## [What is required]
One exact copy of the listing is needed. It should contain no pictures.

## [The data]
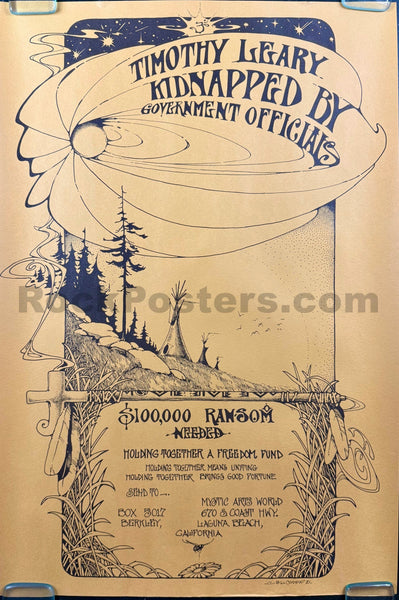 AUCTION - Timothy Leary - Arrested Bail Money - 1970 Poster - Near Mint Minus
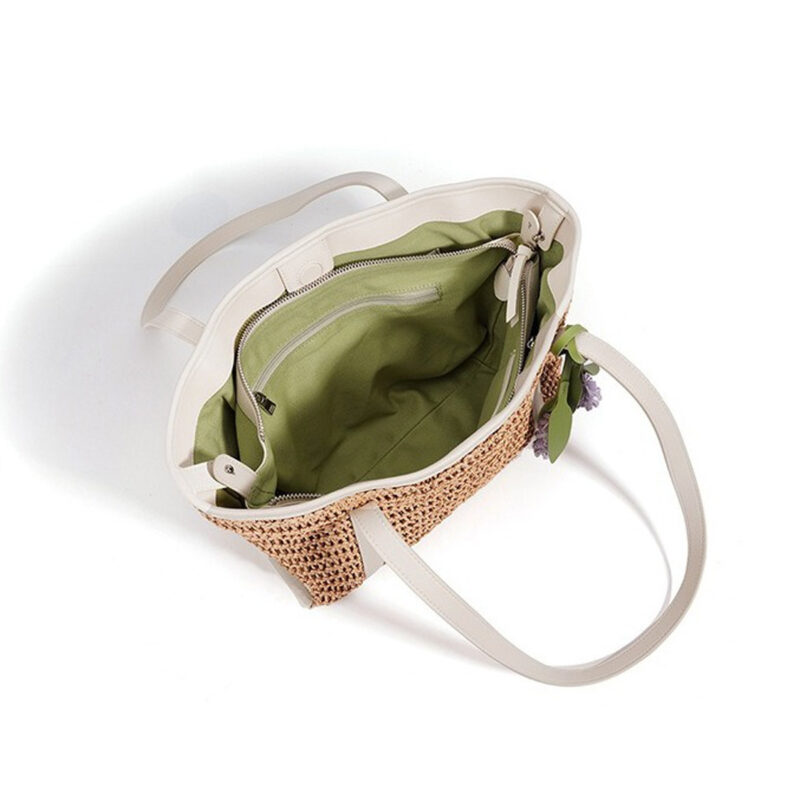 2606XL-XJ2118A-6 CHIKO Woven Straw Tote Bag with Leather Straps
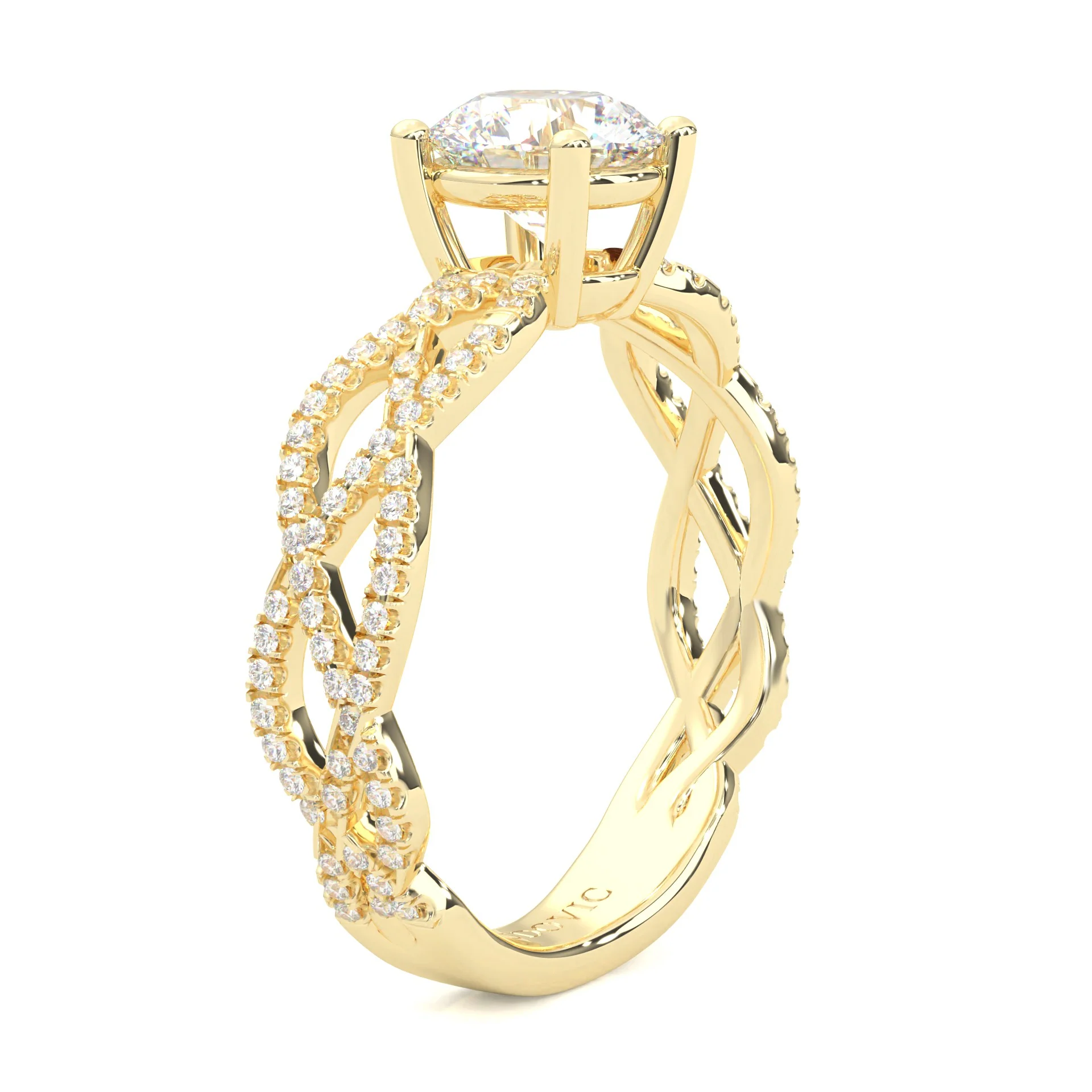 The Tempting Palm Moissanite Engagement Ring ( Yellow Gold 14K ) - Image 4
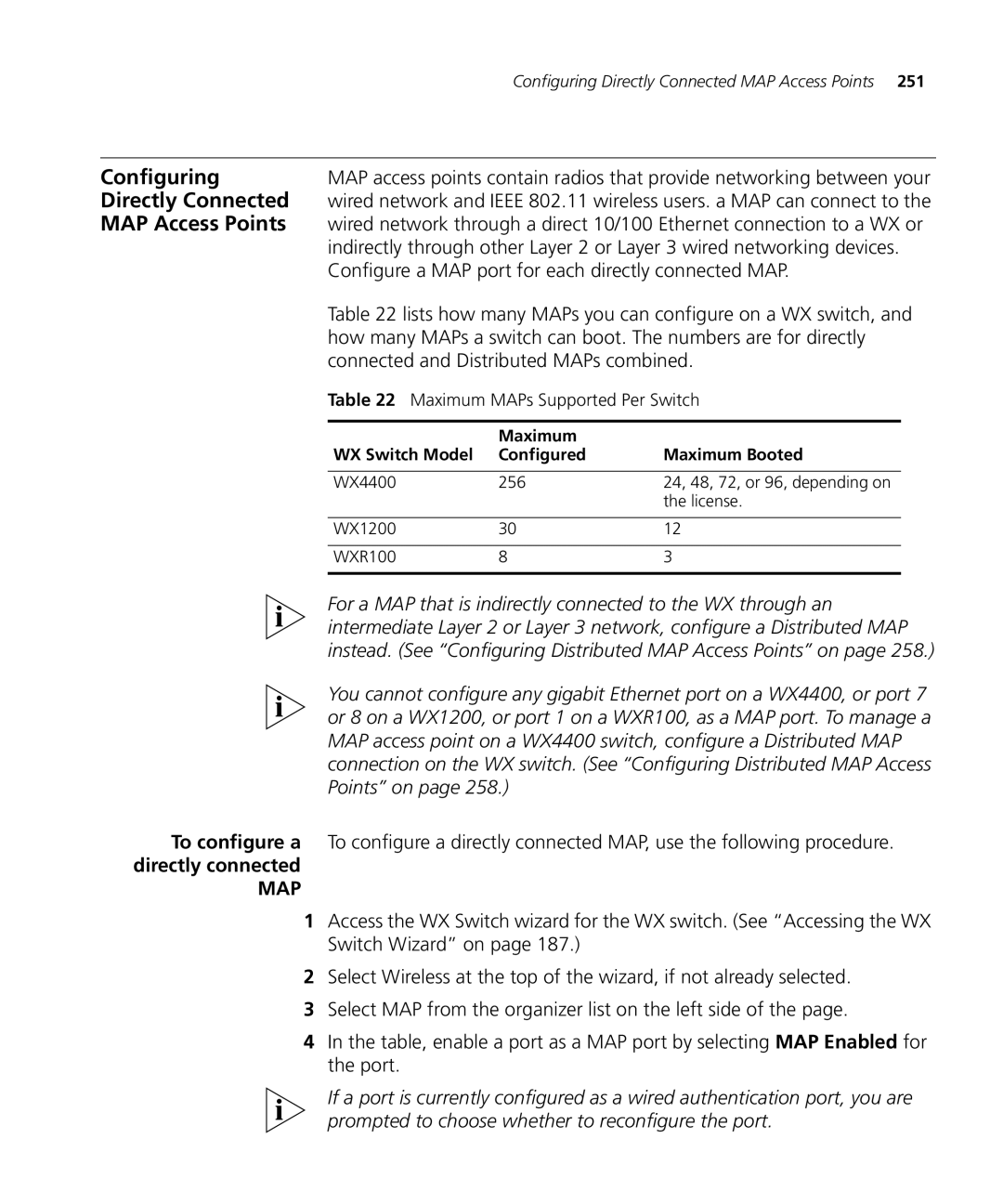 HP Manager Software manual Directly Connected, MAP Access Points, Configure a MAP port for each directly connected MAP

## [Solved problem]
 AUCTION - Timothy Leary - Arrested Bail Money - 1970 Poster - Near Mint Minus
 2606XL-XJ2118A-6 CHIKO Woven Straw Tote Bag with Leather Straps
 The Tempting Palm Moissanite Engagement Ring ( Yellow Gold 14K ) - Image 4
 HP Manager Software manual Directly Connected, MAP Access Points, Configure a MAP port for each directly connected MAP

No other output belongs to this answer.